China’s state-run Global Times on Monday pushed back against an international campaign to find Uyghur Muslims who went missing after China began herding them into re-education camps, claiming that the missing Uyghurs are actually “living normally” after “graduating” from the camps Beijing likes to describe as “vocational education and training centers.”
The international campaign China is attempting to refute uses a Twitter hashtag called #StillNoInfo. It got underway after Chinese officials began claiming the millions of Uyghurs imprisoned in Xinjiang province’s re-education camps were actually happy students graduating from vocational training programs and returning to productive lives.
#StillNoInfo activists began collecting stories of Uyghurs who vanished into the camps and were never heard from again, an effort that continues to this day. Some of the posts come from angry relatives of people spotlighted in China’s propaganda campaigns, stating for the record that their loved ones are still missing. The campaign has expanded to include other reports of Chinese oppression against people of many religious faiths.
The Global Times claimed on Monday that its reporters found all the missing Uyghurs:
After digging into the online information released by some individuals and organizations on the alleged missing Uyghurs, confirming from the authorities in Xinjiang and visiting some of the “missing people” in different places in Xinjiang, the Global Times (GT) reporters found that they are living normal lives.
The allegedly “missing” people met by the GT reporters slammed those who have taken advantage of their identities and sought to interfere with China’s internal affairs, and told those who posted about them to stop disturbing their peaceful life.
Based on interviews with “several people” who “have been home for months and are living a regular life on the right path after graduating from the training center,” the Global Times concluded the entire campaign to find missing Uyghurs has been debunked.
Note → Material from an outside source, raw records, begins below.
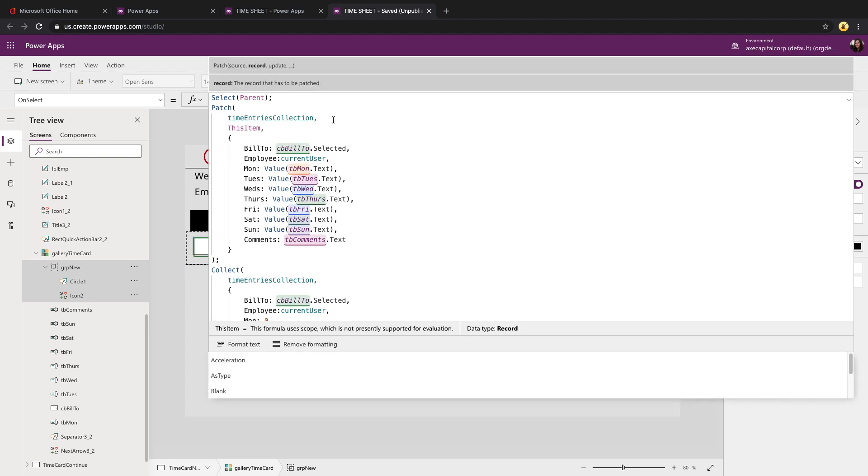When you do a patch, you point it to the name of your collection. And for the item that you want to patch, type in this item and that will get the current item that you're in so it knows to patch that one.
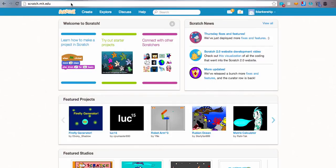Alright, so you're logged into the website, you have your account, and you're now ready to create your first Scratch project.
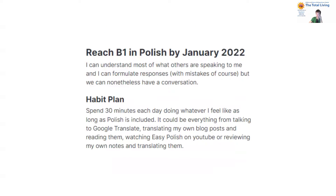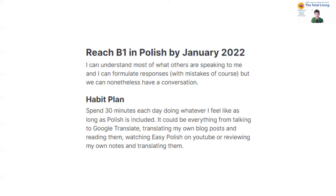Here's another goal of mine, more related to habit accumulation: reach B1 — a degree in language proficiency in Polish — by January 2022. The outcome is that I can understand most of what others are speaking and can formulate responses. Because it's more of a habit plan — spending 30 minutes each day doing whatever I feel like, as long as Polish is included — you could argue this goal didn't need to exist and could be tracked in areas. However, the goal makes me aware that I need to reach a certain level by a specific month, like a reminder — it has a direction that is necessary to review.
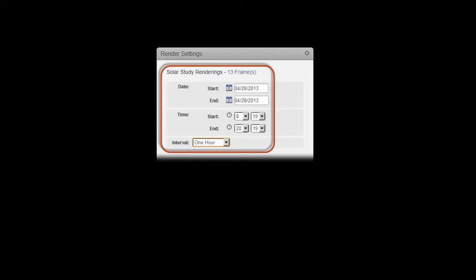Interval is the amount of time between image simulations. For example, if you select one hour, an image will be rendered for every hour of the specified time period.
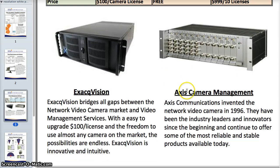Just to give a little information about Axis — Axis Communications actually invented the network video camera, so they are the industry leader, the innovators, and they've been there from the beginning. They continue to offer the most reliable and stable products on the market today. XactVision is almost the same story for innovative IP management control systems. They have totally tailored their management system to be simple yet powerful and easy to use — personally, I believe it is the easiest management system available on the market today.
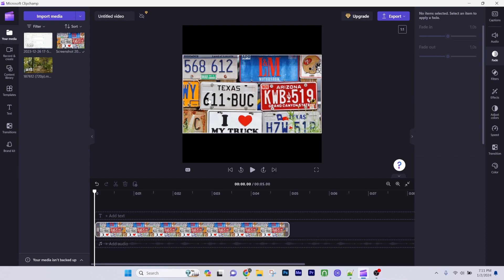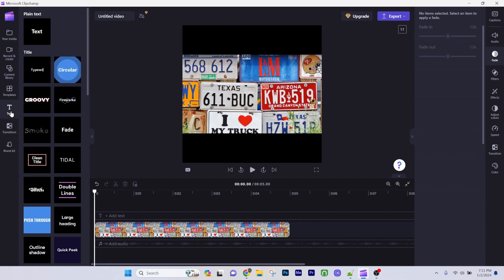Once you have your image or video ready, click on the text option on the left side. Choose a title style that you like and click the plus sign to add it to your timeline.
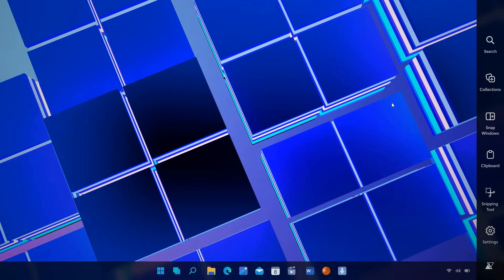And yeah, we can see you get your search. You can create collections. You can snap your windows. You can access your clipboard. You have a snipping tool. And obviously, your settings. So a couple of handy, more modern features added to the charms bar for the modern makeover of Windows 8 in this recent concept.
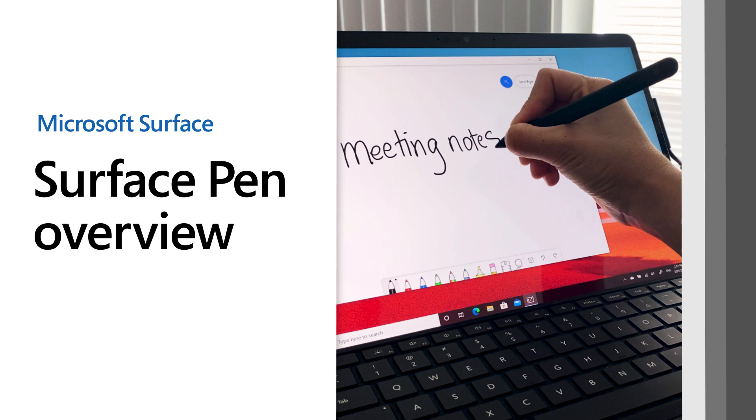Get the most out of your Surface Pen with these quick tips. First, a quick overview of the pen itself.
Then it admitted a few of them might still be missing, but they deserve to be missing because they are dangerous enemies of the State.
The article went on to accuse “separatist groups” of launching the #StillNoInfo campaign to “smear China’s Xinjiang policies” with the assistance of international human rights organizations:
For example, Rushan Abbas, leader of the so-called Campaign for Uyghurs, and Halmurat Harri, who started the “MeTooUyghur” activity, are found to be members of “East Turkistan” separatist groups. They first stole some Uyghurs’ photos and information, claimed these people to be “missing” relatives in Xinjiang, spread rumors on overseas media and had interactions with some certain media. Some overseas nongovernmental organizations, especially the Human Rights Watch, are also taking an active role in promoting these rumors.
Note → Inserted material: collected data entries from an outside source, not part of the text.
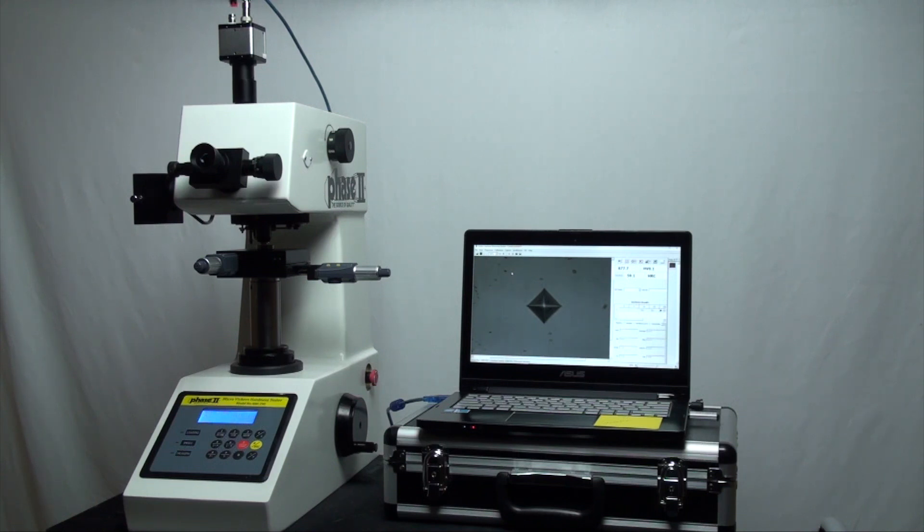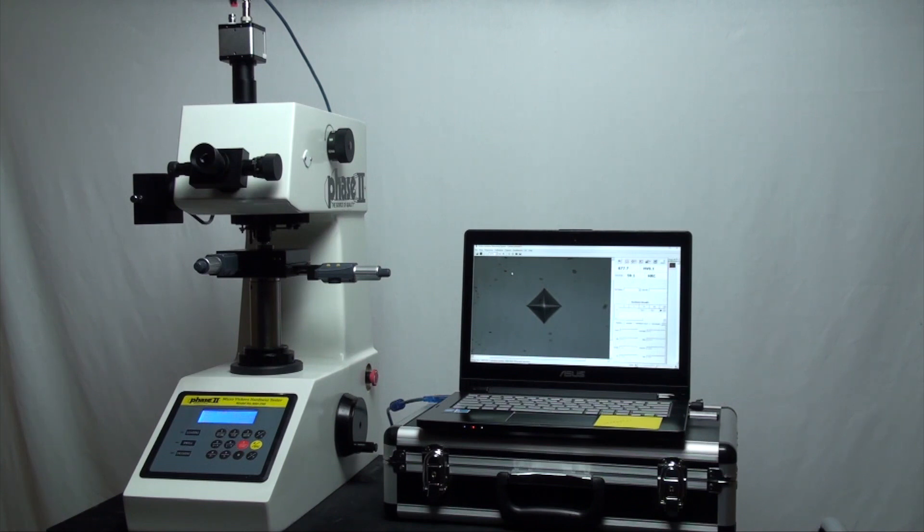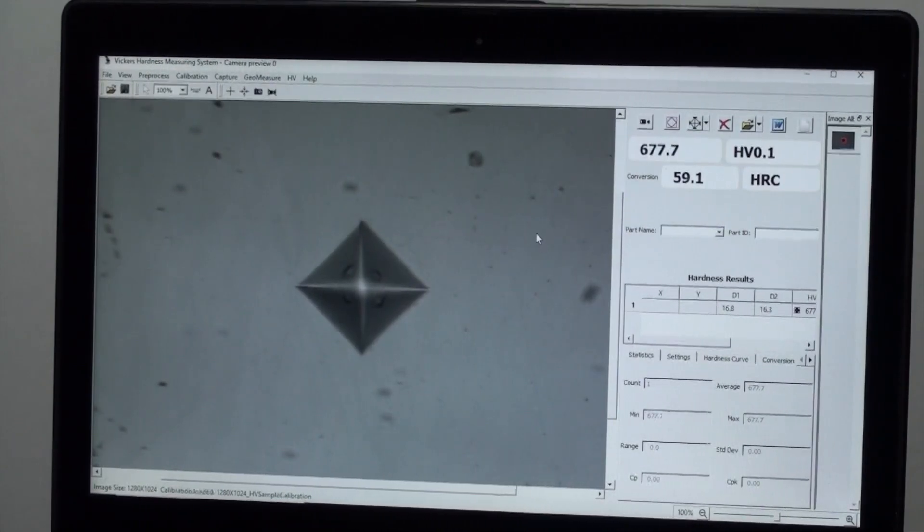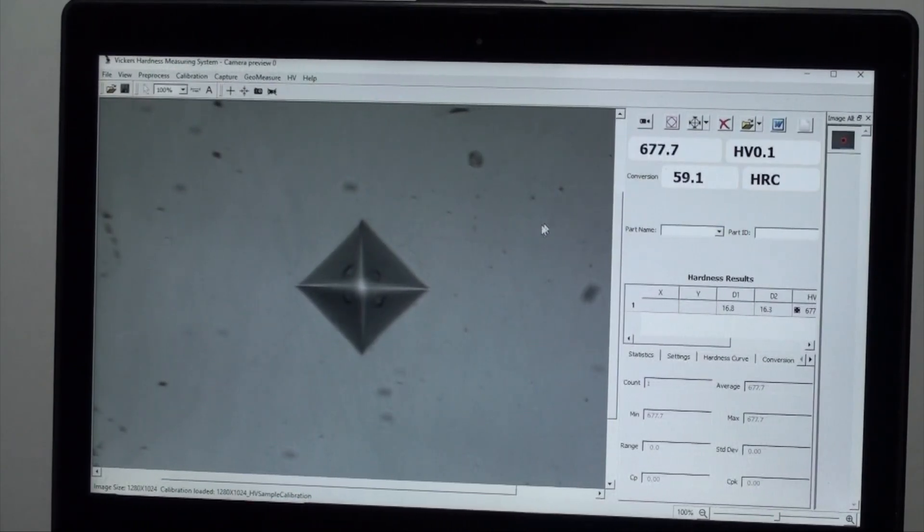However today it is quite rare to bypass the easy use of a computer screen to see the indentations clearly and work with data in a digital format. Let's take a look at the software interface on our laptop here.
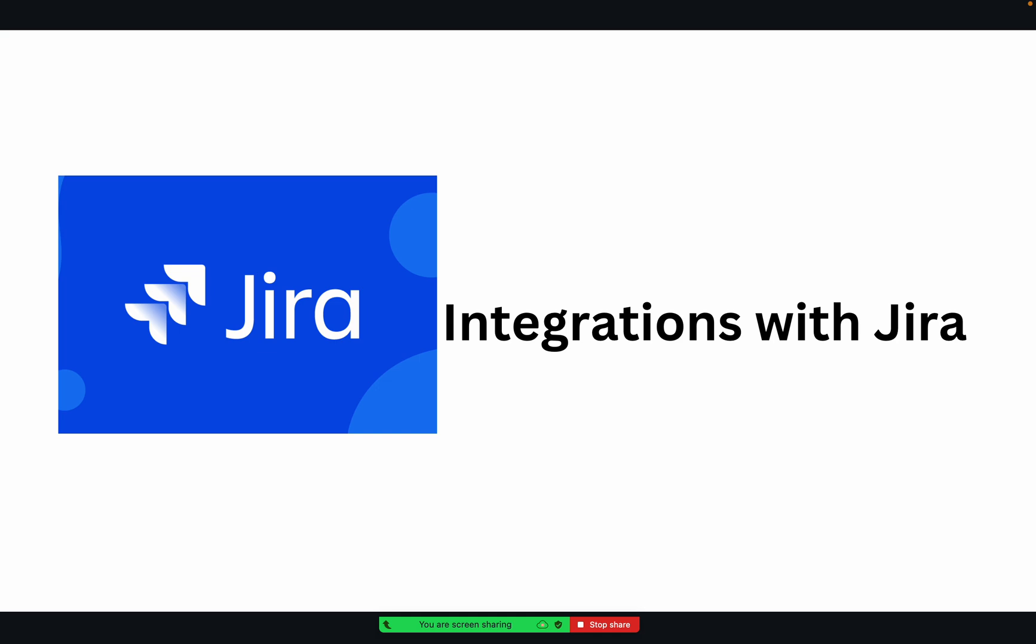With Jira, as the term integrations itself is explanatory, we are going to integrate some third-party applications with Jira. Why do we need to integrate third-party apps? Jira is definitely serving the purpose of managing tasks, issues, and defects.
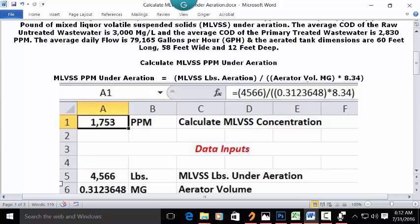The formula is: MLVSS ppm under aeration equals MLVSS pounds under aeration divided by aerator volume (mg) times 8.34. If you open up a blank Excel spreadsheet, in cell C1 you can type 'calculate MLVSS concentration.' Your answer is in parts per million (ppm) or mg per liter. In A1, set the format as whole numbers with zero decimals and commas every 1,000, bold and centered.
A family in Xinjiang was quoted denouncing a black-sheep brother who posted under the #StillNoInfo hashtag and claimed they were missing, when they are supposedly living happy and productive lives:
However, for this family, Memet Tohti Atawulla, the elder brother, is an unspeakable scar. The Global Times learned that he was suspected of having joined the “East Turkistan” separatist group and has been attacking China’s Xinjiang policy. Recently, the elder brother claimed his brother Ruzi Memet was missing.
On December 10, Memet Tohti posted on Twitter with the hashtag “StillNoInfo,” claiming that his mother and brothers are suffering in “Chinese camps.”
Ruzi Memet could not hide his sadness talking about his elder brother. “Brother, you said you went abroad to study, but now you are with the separatist force and attack our [country’s] policy,” he said.
“Our life is getting better and we have a new house. I hope you stop colluding with the separatists. Our father is getting old and we all miss you a lot,” he said, choking with sobs.
Human Rights Watch in November reported on leaked Chinese government documents that revealed the full scope of the oppression in Xinjiang province, including instructions to officials on how to tell Uyghur children their parents were mentally ill and needed to be incarcerated at the camps for their own good, while assuring the outside world the camps were merely schools the Uyghurs attended voluntarily. The Chinese government did not attempt to deny the authenticity of the documents.